Wednesday, September 04, 2019

The Story Of Our Species


One of my foundational theories about the role of preschools in society is that we exist not to use stuff, but to finish using it, serving as a final way station for the discarded, outmoded, and unwanted. We rely heavily upon our community of families to supply us with their detritus and debris, and like any veteran preschool teacher, I have, over the years, uncovered innumerable treasures at garage sales and thrift stores. But what really gets my heart pumping are estate sales.

In contrast to a run-of-the-mill yard sale, estate sales typically mean that someone has died and the surviving spouse, usually the wife, is preparing to move to an apartment. I know this will sound mercenary and ghoulish, but my first stop is always the deceased husband's workshop, and most elderly men have workshops either in the garage or cellar. Sometimes they even have standalone sheds.
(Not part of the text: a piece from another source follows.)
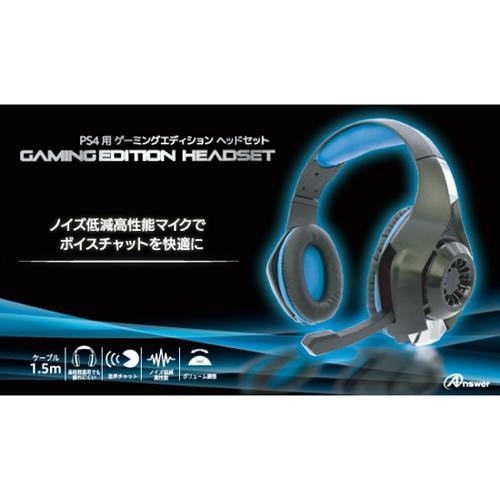 アンサー PS4用 ゲーミングエディション ヘッドセット(ブルー) ANS-PF066BL｜buzzfurniture｜02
There I expect to find a trove of hand tools of all makes and models, the likes of which one simply cannot find any longer in even the best equipped hardware stores.

My own father had his workshops and I had mine until we sold the house a decade ago to move into an apartment. I was never the handyman my father was, nor did he feel he was the handyman his father had been. Our school is housed in a building that has been maintained for decades by a man in his eighties named Wally who inherited the job from his father who he once told me "really knew his way around a wrench." It's a trend that seems to be fairly universal: people who know their way around a wrench are becoming fewer and farther between in this era of disposability and increasing specialization. I keep rooting for a return of the do-it-yourself ethos, but I'm beginning to realize that I am, perhaps, rooting against the tide of evolution and history.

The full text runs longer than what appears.